NEW YORK: Près de 14 milliards de dollars (1 dollar américain = 0,91 euro) d'aide internationale versés au Yémen au cours des sept dernières années ont fait une «énorme différence» pour la population du pays, a signalé Martin Griffiths, responsable de l’aide humanitaire des Nations unies.
Cette aide a permis d’éviter une famine généralisée et de stabiliser les taux de morbidité et de mortalité dans le pays ravagé par la guerre, a-t-il ajouté.
Toutefois, Griffiths a annoncé mardi au Conseil de sécurité que 75% de cette somme «exceptionnelle, extraordinaire et généreuse» provenaient de six donateurs seulement : les États-Unis, l'Arabie saoudite, les Émirats arabes unis, le Royaume-Uni, l'Allemagne et l'UE. Il a remercié tous les donateurs, en soulignant l'importance de mettre l’accent sur les contributions et les bénéfices humanitaires au Yémen qu’elles ont permis d’obtenir.
«Tout d’abord, il n'y a pas eu de famine de masse au Yémen, comme on nous l'a si souvent rappelé», a expliqué Griffiths. Il a aussi appelé à la poursuite des efforts dans le but de prévenir la famine et la malnutrition dans un contexte d'insécurité alimentaire croissante.
«Le Yémen s'est engagé à plusieurs reprises sur cette voie sombre, notamment au début de l'année dernière, pour être sauvé de cette situation par une action humanitaire opportune et bien financée. C’est un succès considérable.»
Griffiths a de plus signalé que l'aide a contribué à maintenir les taux de morbidité et de mortalité stables pendant le conflit.

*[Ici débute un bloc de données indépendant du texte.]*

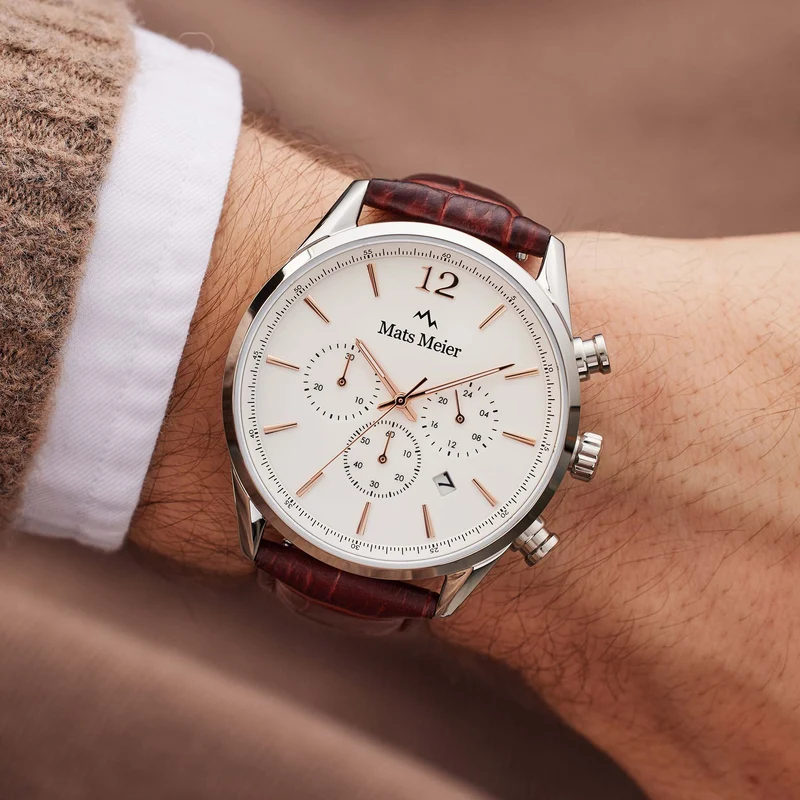 Mats Meier Grand Cornier herren Uhr Braun MM00105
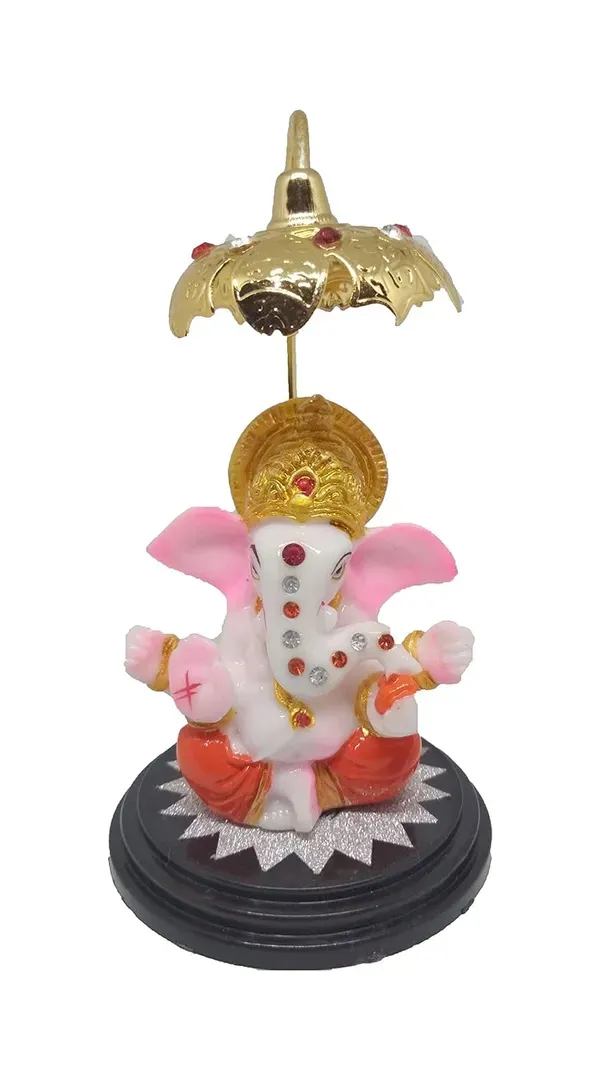 S_A_Gifts_Sai_Amrut_Fiber_Lord_Ganesha_Ganesh_Ganpati_Idol_Murti_Red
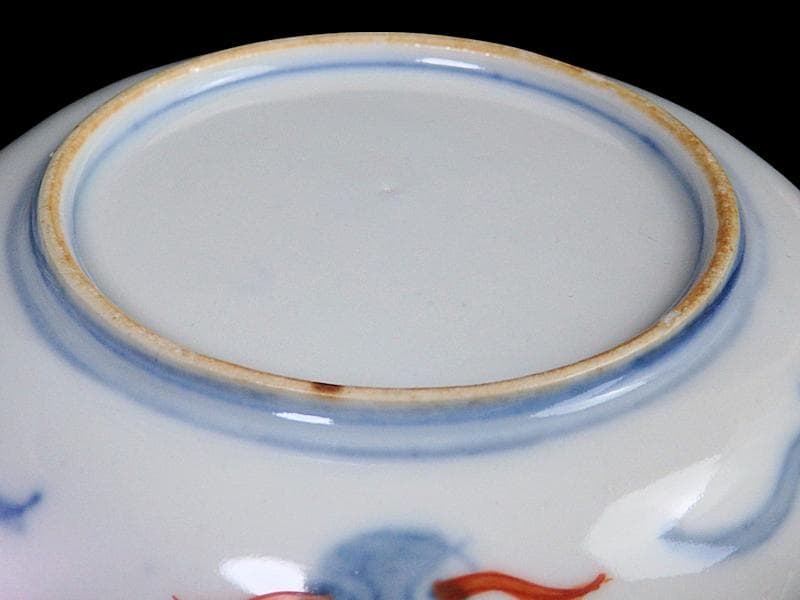 古伊万里 色絵 割絵 花の図 4寸皿 4枚 3164AS-CWu - メルカリ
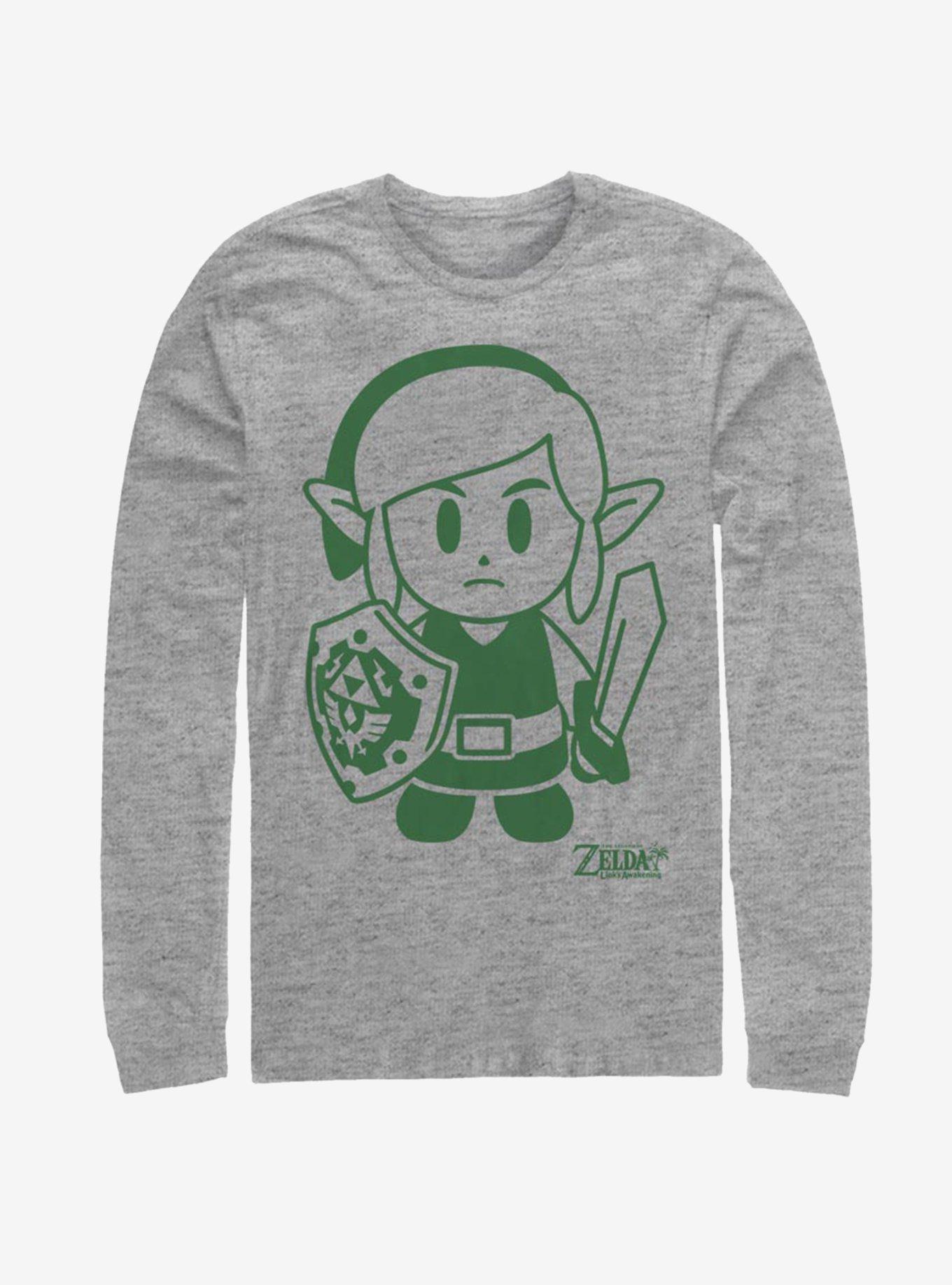 Nintendo The Legend of Zelda: Link's Awakening Link Avatar Outline Long-Sleeve T-Shirt, , hi-res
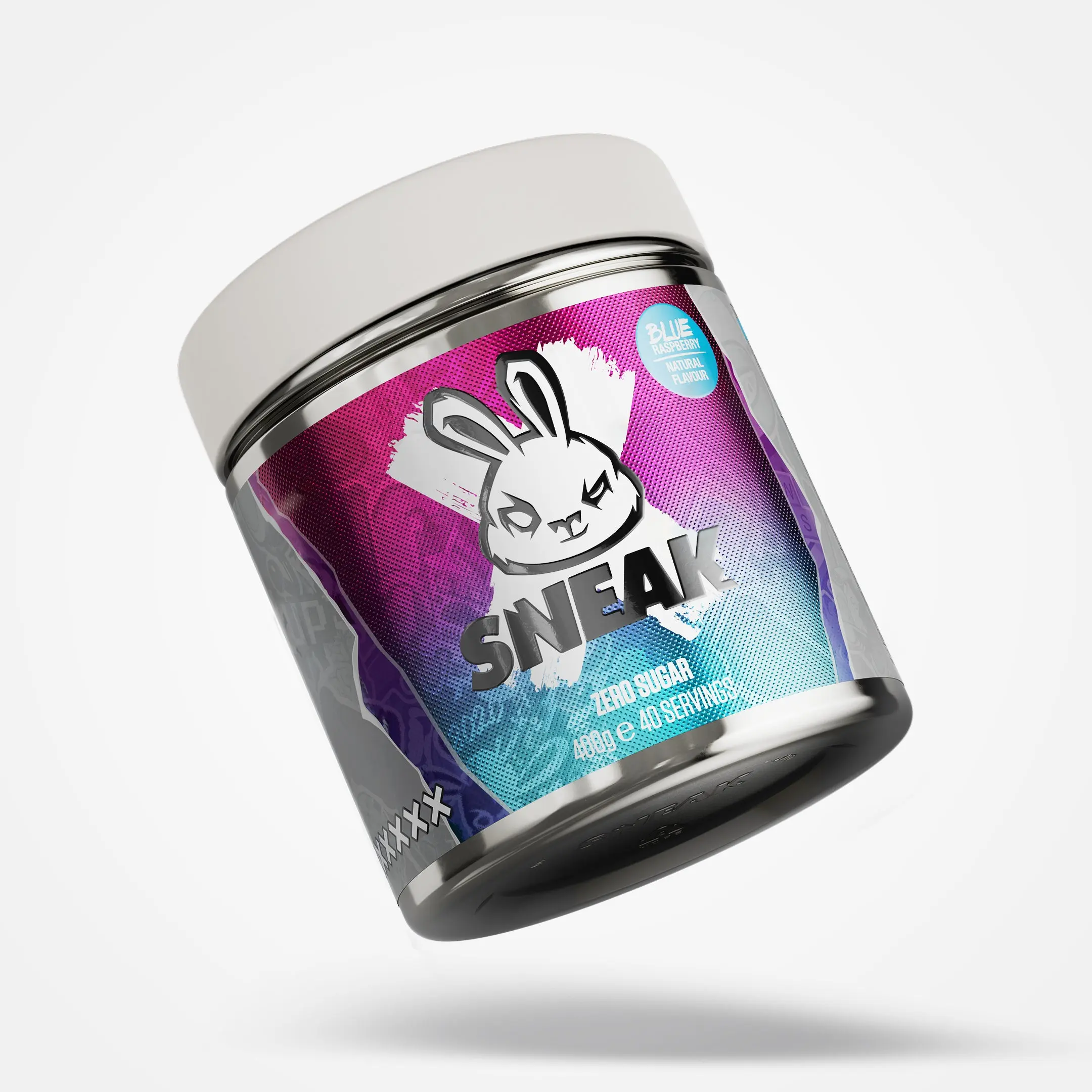 BLUE RASPBERRY ENERGY DRINK - NATURAL ZERO SUGAR ENERGY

«Autrement dit, sans le niveau de la réponse, beaucoup plus de personnes au Yémen seraient tombées malades et beaucoup seraient même mortes», a-t-il avisé. «C'est un autre résultat essentiel. Ces réalisations et d'autres sont le résultat d'une action collective, et non l'action d'un seul pays.»
Il s'exprimait lors d'une réunion du Conseil de sécurité afin de discuter de la situation au Yémen, avant un événement d’annonce de contributions de haut niveau des donateurs qui se tiendra mercredi, et qui sera co-organisé par la Suède et la Suisse. Les organisations humanitaires recherchent près de 4,3 milliards de dollars de financement pour continuer à aider plus de 17 millions de Yéménites à travers tout le pays.
«L'événement de demain n'est seulement une question d'argent, même si ceci reste extrêmement important», a affirmé Griffiths. «C'est aussi l’occasion pour la communauté internationale de montrer que nous n’abandonnons pas le Yémen, même après toutes ces années et avec l'émergence de nouvelles crises. Cela est un message très important.»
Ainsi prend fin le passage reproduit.